Con la misma piedad se acostumbra a tratar a los hombres que van a morir por crímenes que acaso hayan cometido, tanto para mitigar el miedo de la víctima como para salvar la conciencia del verdugo. En estos casos, sin embargo, se requiere un sedante más vigoroso: ron, por ejemplo, o coñac. En uno de los divertidos libros de cocina de Paul Reboux hay una receta que explica de un modo muy acertado la costumbre de la copa preletal. Reboux discute cómo hay que preparar un conejo para su ejecución:

 

Muchas personas de estómago exigente y corazón poco tierno crían conejos nada más que para comérselos.

Es este, en sí mismo, un acto de energía humana que yo no sabría llevar a cabo. Tras haber vivido en familia e intimidad con un conejo, tras haber mantenido con el animalito una relación cotidiana, sería tan incapaz de devorarlo asado como de comerme a un amigo.

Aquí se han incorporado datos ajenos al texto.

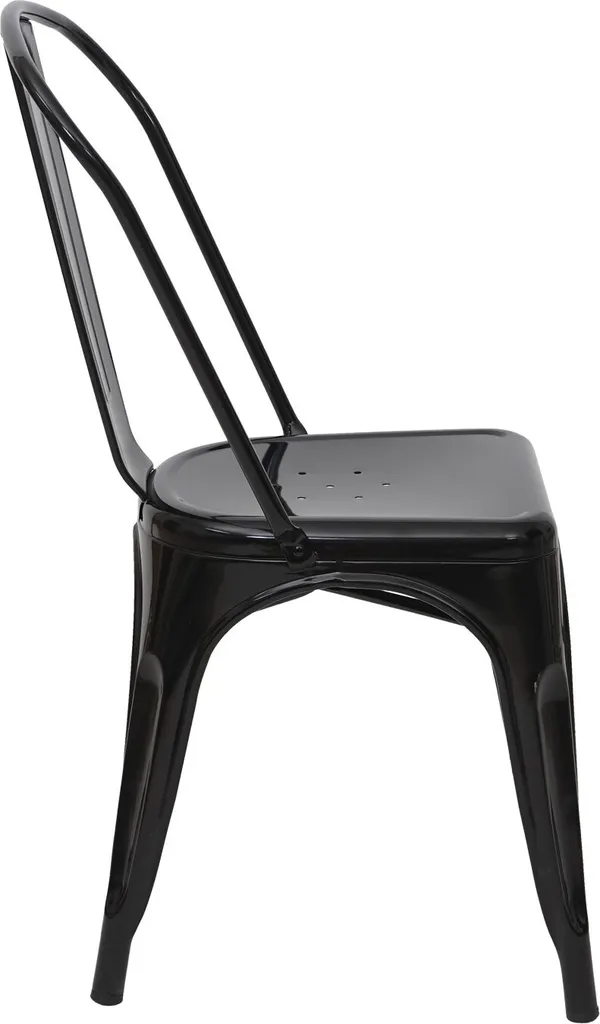 Set 2 Sedie Bistrot HWC-A73 Metallo Nero Industriale Impilabile - 5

No obstante, si posee usted un sentido de la realidad lo bastante acendrado, y quiere por añadidura que su conejo sepa mejor que el del vecino, cuídese de alimentarlo...

 

A continuación monsieur Reboux detalla cuidadosamente la dieta: leche caliente mientras la bestezuela sigue mamando de la madre, lechuga tierna y ensalada verde cuando crece, granos de maíz y algunas zanahorias suculentas. Y hierbas, por supuesto, para perfumarle la carne antes y no después de cocinarlo.

Al conejo le encantará la sopa de puerros, y el caldo de patatas con pan. ¡E incluso, los domingos, una tacita de café con leche!

 

El día de la ejecución, finalmente, dele a beber una copa de buen marc. Aunque tradicional en estas ocasiones, el ron lo hará más indiferente aún a su destino. Tras lo cual, sin escrúpulo alguno, podrá asestarle el golpe decisivo y final en el pescuezo. Su conejo estará tan anestesiado que nada podrá importarle en exceso.

¡Y usted estará seguro de haberle dado una hermosa vida y una hermosa muerte!